YOUR GOAL -
Copy out the data below, all of it, exactly.

BEGIN

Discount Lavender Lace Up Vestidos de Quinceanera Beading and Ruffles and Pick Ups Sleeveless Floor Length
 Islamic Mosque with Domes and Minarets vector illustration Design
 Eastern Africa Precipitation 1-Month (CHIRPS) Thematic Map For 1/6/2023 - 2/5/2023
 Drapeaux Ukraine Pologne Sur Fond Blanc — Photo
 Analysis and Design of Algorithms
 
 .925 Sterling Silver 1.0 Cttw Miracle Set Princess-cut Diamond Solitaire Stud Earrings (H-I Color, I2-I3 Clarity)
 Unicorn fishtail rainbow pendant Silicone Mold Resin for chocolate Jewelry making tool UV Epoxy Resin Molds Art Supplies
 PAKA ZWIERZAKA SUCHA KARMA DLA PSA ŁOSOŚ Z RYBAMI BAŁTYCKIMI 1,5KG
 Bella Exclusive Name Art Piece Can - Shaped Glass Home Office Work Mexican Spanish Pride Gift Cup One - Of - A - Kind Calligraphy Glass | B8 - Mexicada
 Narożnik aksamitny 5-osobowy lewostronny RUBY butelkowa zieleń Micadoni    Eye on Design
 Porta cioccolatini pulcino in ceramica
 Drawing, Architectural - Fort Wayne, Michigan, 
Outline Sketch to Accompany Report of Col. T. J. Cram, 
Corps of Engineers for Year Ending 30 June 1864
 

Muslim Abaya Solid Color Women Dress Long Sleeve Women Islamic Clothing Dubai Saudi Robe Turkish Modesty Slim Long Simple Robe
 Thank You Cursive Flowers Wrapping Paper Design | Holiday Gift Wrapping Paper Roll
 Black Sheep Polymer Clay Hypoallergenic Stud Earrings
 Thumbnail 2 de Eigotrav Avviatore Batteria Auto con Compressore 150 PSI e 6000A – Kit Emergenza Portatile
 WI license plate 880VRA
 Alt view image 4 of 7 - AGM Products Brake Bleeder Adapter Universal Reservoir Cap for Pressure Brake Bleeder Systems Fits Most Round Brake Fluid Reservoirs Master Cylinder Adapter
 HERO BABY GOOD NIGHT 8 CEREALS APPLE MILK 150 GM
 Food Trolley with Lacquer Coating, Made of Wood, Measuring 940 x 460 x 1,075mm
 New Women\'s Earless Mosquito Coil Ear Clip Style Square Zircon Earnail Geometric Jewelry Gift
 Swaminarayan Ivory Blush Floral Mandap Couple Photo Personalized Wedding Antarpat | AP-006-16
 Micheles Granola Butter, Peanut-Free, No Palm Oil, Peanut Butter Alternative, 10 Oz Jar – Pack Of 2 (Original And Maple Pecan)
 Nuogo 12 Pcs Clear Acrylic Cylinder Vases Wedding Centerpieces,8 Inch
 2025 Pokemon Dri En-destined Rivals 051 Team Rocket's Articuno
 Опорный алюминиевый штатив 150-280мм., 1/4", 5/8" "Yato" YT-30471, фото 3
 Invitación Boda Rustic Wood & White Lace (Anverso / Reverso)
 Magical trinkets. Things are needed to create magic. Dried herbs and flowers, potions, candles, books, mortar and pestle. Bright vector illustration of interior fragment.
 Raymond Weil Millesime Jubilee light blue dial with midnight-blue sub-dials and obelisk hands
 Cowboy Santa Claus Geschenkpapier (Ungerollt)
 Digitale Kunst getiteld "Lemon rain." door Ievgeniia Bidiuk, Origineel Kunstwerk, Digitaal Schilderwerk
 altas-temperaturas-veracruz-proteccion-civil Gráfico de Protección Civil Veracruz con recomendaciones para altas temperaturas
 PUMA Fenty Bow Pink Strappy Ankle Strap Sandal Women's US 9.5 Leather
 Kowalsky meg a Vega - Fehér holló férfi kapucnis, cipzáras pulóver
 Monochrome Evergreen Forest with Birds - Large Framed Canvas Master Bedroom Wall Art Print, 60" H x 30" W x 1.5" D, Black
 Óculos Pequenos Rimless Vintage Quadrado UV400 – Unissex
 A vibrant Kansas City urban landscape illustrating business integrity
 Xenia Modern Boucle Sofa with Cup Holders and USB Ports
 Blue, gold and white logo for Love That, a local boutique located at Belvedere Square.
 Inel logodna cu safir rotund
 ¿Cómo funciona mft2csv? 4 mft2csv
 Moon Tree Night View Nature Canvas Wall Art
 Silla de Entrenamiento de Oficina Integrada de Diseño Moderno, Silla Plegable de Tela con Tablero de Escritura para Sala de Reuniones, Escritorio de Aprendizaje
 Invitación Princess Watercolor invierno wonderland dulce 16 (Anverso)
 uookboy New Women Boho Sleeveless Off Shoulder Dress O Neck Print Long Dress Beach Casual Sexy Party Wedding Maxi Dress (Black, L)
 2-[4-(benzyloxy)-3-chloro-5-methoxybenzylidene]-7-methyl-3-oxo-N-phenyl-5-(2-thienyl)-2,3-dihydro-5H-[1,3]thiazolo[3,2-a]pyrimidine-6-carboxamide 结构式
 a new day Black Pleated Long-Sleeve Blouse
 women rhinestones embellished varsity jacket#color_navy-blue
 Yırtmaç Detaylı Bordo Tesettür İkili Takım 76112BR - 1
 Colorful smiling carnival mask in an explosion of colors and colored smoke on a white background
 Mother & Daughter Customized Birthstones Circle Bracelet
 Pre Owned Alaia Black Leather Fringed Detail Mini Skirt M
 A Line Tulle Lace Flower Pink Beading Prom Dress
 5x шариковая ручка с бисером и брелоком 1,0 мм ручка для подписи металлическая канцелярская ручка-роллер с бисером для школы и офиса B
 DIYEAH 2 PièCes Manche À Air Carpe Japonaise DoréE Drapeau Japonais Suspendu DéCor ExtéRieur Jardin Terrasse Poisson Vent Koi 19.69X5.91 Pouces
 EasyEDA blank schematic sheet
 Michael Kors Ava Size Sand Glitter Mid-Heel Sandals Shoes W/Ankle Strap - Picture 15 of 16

END

EXERCISE RESULT -
Discount Lavender Lace Up Vestidos de Quinceanera Beading and Ruffles and Pick Ups Sleeveless Floor Length
 Islamic Mosque with Domes and Minarets vector illustration Design
 Eastern Africa Precipitation 1-Month (CHIRPS) Thematic Map For 1/6/2023 - 2/5/2023
 Drapeaux Ukraine Pologne Sur Fond Blanc — Photo
 Analysis and Design of Algorithms
 
 .925 Sterling Silver 1.0 Cttw Miracle Set Princess-cut Diamond Solitaire Stud Earrings (H-I Color, I2-I3 Clarity)
 Unicorn fishtail rainbow pendant Silicone Mold Resin for chocolate Jewelry making tool UV Epoxy Resin Molds Art Supplies
 PAKA ZWIERZAKA SUCHA KARMA DLA PSA ŁOSOŚ Z RYBAMI BAŁTYCKIMI 1,5KG
 Bella Exclusive Name Art Piece Can - Shaped Glass Home Office Work Mexican Spanish Pride Gift Cup One - Of - A - Kind Calligraphy Glass | B8 - Mexicada
 Narożnik aksamitny 5-osobowy lewostronny RUBY butelkowa zieleń Micadoni    Eye on Design
 Porta cioccolatini pulcino in ceramica
 Drawing, Architectural - Fort Wayne, Michigan, 
Outline Sketch to Accompany Report of Col. T. J. Cram, 
Corps of Engineers for Year Ending 30 June 1864
 

Muslim Abaya Solid Color Women Dress Long Sleeve Women Islamic Clothing Dubai Saudi Robe Turkish Modesty Slim Long Simple Robe
 Thank You Cursive Flowers Wrapping Paper Design | Holiday Gift Wrapping Paper Roll
 Black Sheep Polymer Clay Hypoallergenic Stud Earrings
 Thumbnail 2 de Eigotrav Avviatore Batteria Auto con Compressore 150 PSI e 6000A – Kit Emergenza Portatile
 WI license plate 880VRA
 Alt view image 4 of 7 - AGM Products Brake Bleeder Adapter Universal Reservoir Cap for Pressure Brake Bleeder Systems Fits Most Round Brake Fluid Reservoirs Master Cylinder Adapter
 HERO BABY GOOD NIGHT 8 CEREALS APPLE MILK 150 GM
 Food Trolley with Lacquer Coating, Made of Wood, Measuring 940 x 460 x 1,075mm
 New Women\'s Earless Mosquito Coil Ear Clip Style Square Zircon Earnail Geometric Jewelry Gift
 Swaminarayan Ivory Blush Floral Mandap Couple Photo Personalized Wedding Antarpat | AP-006-16
 Micheles Granola Butter, Peanut-Free, No Palm Oil, Peanut Butter Alternative, 10 Oz Jar – Pack Of 2 (Original And Maple Pecan)
 Nuogo 12 Pcs Clear Acrylic Cylinder Vases Wedding Centerpieces,8 Inch
 2025 Pokemon Dri En-destined Rivals 051 Team Rocket's Articuno
 Опорный алюминиевый штатив 150-280мм., 1/4", 5/8" "Yato" YT-30471, фото 3
 Invitación Boda Rustic Wood & White Lace (Anverso / Reverso)
 Magical trinkets. Things are needed to create magic. Dried herbs and flowers, potions, candles, books, mortar and pestle. Bright vector illustration of interior fragment.
 Raymond Weil Millesime Jubilee light blue dial with midnight-blue sub-dials and obelisk hands
 Cowboy Santa Claus Geschenkpapier (Ungerollt)
 Digitale Kunst getiteld "Lemon rain." door Ievgeniia Bidiuk, Origineel Kunstwerk, Digitaal Schilderwerk
 altas-temperaturas-veracruz-proteccion-civil Gráfico de Protección Civil Veracruz con recomendaciones para altas temperaturas
 PUMA Fenty Bow Pink Strappy Ankle Strap Sandal Women's US 9.5 Leather
 Kowalsky meg a Vega - Fehér holló férfi kapucnis, cipzáras pulóver
 Monochrome Evergreen Forest with Birds - Large Framed Canvas Master Bedroom Wall Art Print, 60" H x 30" W x 1.5" D, Black
 Óculos Pequenos Rimless Vintage Quadrado UV400 – Unissex
 A vibrant Kansas City urban landscape illustrating business integrity
 Xenia Modern Boucle Sofa with Cup Holders and USB Ports
 Blue, gold and white logo for Love That, a local boutique located at Belvedere Square.
 Inel logodna cu safir rotund
 ¿Cómo funciona mft2csv? 4 mft2csv
 Moon Tree Night View Nature Canvas Wall Art
 Silla de Entrenamiento de Oficina Integrada de Diseño Moderno, Silla Plegable de Tela con Tablero de Escritura para Sala de Reuniones, Escritorio de Aprendizaje
 Invitación Princess Watercolor invierno wonderland dulce 16 (Anverso)
 uookboy New Women Boho Sleeveless Off Shoulder Dress O Neck Print Long Dress Beach Casual Sexy Party Wedding Maxi Dress (Black, L)
 2-[4-(benzyloxy)-3-chloro-5-methoxybenzylidene]-7-methyl-3-oxo-N-phenyl-5-(2-thienyl)-2,3-dihydro-5H-[1,3]thiazolo[3,2-a]pyrimidine-6-carboxamide 结构式
 a new day Black Pleated Long-Sleeve Blouse
 women rhinestones embellished varsity jacket#color_navy-blue
 Yırtmaç Detaylı Bordo Tesettür İkili Takım 76112BR - 1
 Colorful smiling carnival mask in an explosion of colors and colored smoke on a white background
 Mother & Daughter Customized Birthstones Circle Bracelet
 Pre Owned Alaia Black Leather Fringed Detail Mini Skirt M
 A Line Tulle Lace Flower Pink Beading Prom Dress
 5x шариковая ручка с бисером и брелоком 1,0 мм ручка для подписи металлическая канцелярская ручка-роллер с бисером для школы и офиса B
 DIYEAH 2 PièCes Manche À Air Carpe Japonaise DoréE Drapeau Japonais Suspendu DéCor ExtéRieur Jardin Terrasse Poisson Vent Koi 19.69X5.91 Pouces
 EasyEDA blank schematic sheet
 Michael Kors Ava Size Sand Glitter Mid-Heel Sandals Shoes W/Ankle Strap - Picture 15 of 16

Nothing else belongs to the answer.